Face Detection in Python using the Viola-Jones algorithm on the CBCL Face Database published by MIT's Center for Biological and Computational Learning. Learn how it works by reading my tuturial published in The Data Driven Investor on Medium.
Part one (The basic algorithm): https://medium.com/datadriveninvestor/understanding-and-implementing-the-viola-jones-image-classification-algorithm-85621f7fe20b
Part Two (The Attentional Cascade): https://medium.com/datadriveninvestor/understanding-and-implementing-viola-jones-part-two-97ae164ee60f
- viola_jones.py
- An implementation of the Viola-Jones algorithm
- Viola, Paul, and Michael Jones. "Rapid object detection using a boosted cascade of simple features." Computer Vision and Pattern Recognition, 2001. CVPR 2001. Proceedings of the 2001 IEEE Computer Society Conference on. Vol. 1. IEEE, 2001.
- cascade.py
- An implementation of the attentional cascade introduced by Paul Viola and Michael Jones
- face_detection.py
- Methods to train and test a ViolaJones classifier on the training and test datasets
- Methods to train and test a CascadeClassifier on the training and test datasets
The data is described at http://cbcl.mit.edu/software-datasets/FaceData2.html, and I downloaded from www.ai.mit.edu/courses/6.899/lectures/faces.tar.gz and compiled into pickle files.

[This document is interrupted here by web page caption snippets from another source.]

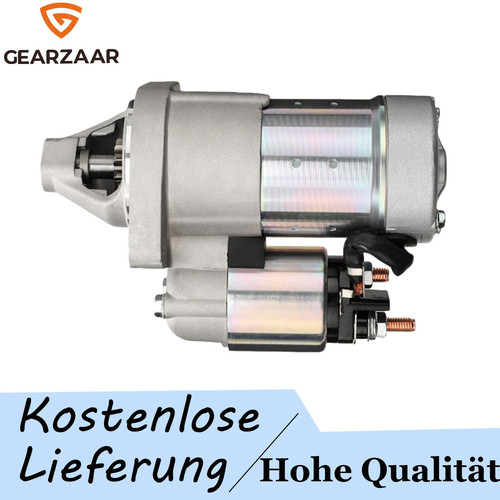 Anlasser starter 12v 9kw 10 - 12v, 0,9kw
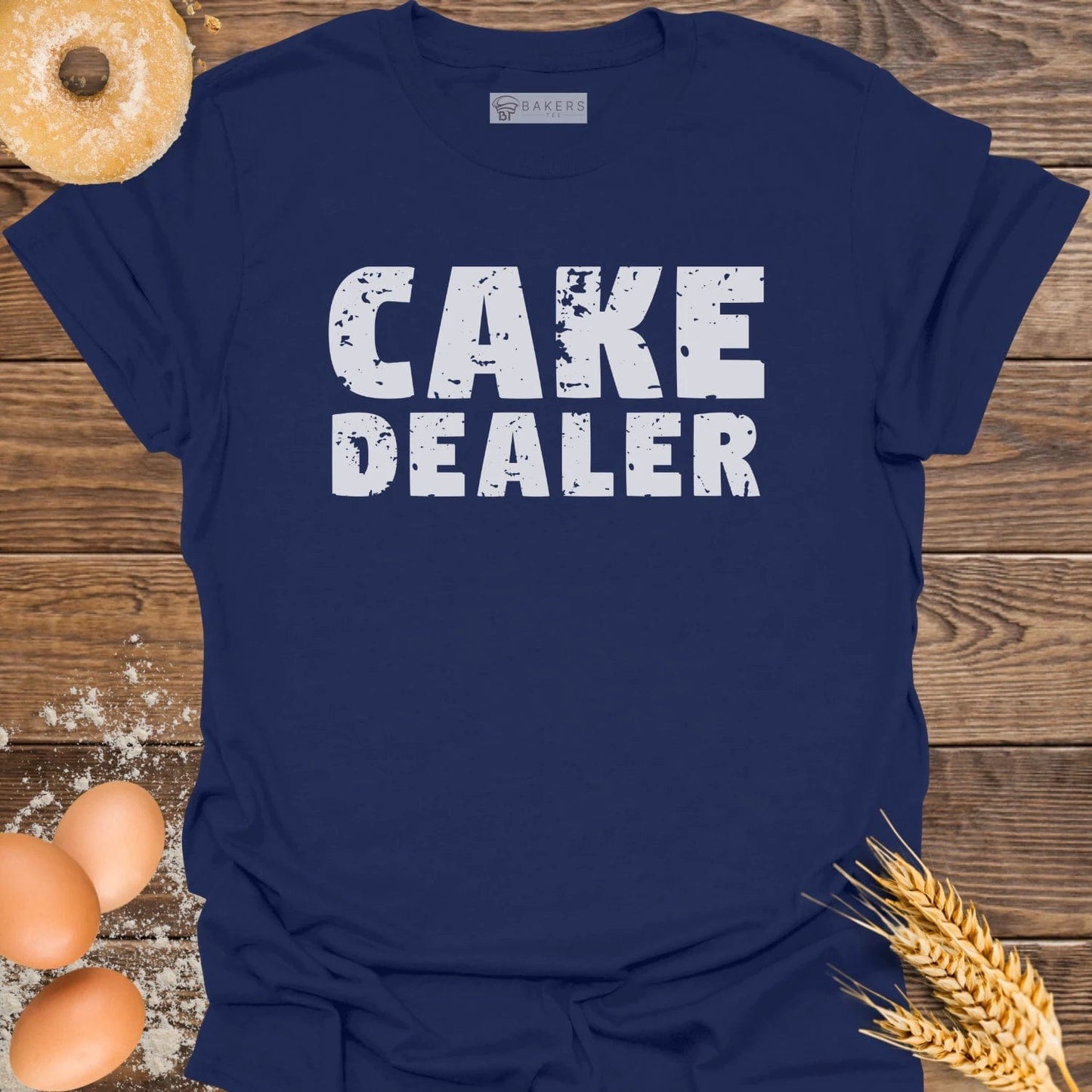 Cake Dealer T-Shirt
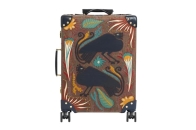 ETRO 与 Globe-Trotter 携手推出全新「Arnica」行李箱系列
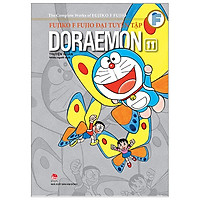 Fujiko F Fujio Đại Tuyển Tập – Doraemon Truyện Ngắn – Tập 11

Each image is 19x19 and greyscale. There are Training set: 2,429 faces, 4,548 non-faces Test set: 472 faces, 23,573 non-faces
-
training.pkl
- An array of tuples. The first element of each tuple is a numpy array representing the image. The second element is its clasification (1 for face, 0 for non-face)
- 2429 face images, 4548 non-face images
-
test.pkl
- An array of tuples. The first element of each tuple is a numpy array representing the image. The second element is its clasification (1 for face, 0 for non-face)

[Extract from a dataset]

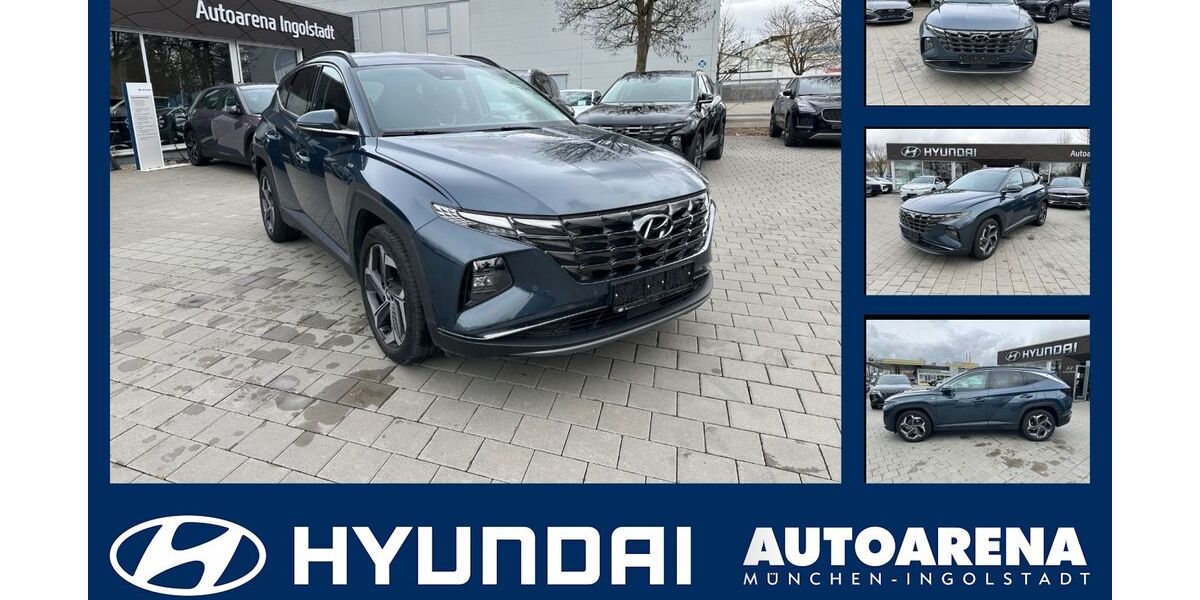 Hyundai TUCSON 24.372 km 24.975 &euro; Ingolstadt 85053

- 472 faces, 23573 non-face images
- 50.pkl
- A 50 feature Viola Jones classifier
- 200.pkl
- A 200 feature Viola Jones classifier
- cascade.pkl
- An Attentional Cascade of classifiers looking at 1 feature, 5 features, 10 features, and 50 features.
The hyperparameter T for the ViolaJones class represents how many weak classifiers it uses.
For T=10, the model achieved 85.5% accuracy on the training set and 78% accuracy on the test set.
For T=50, the model achieved 93% accuracy on both the training and test set.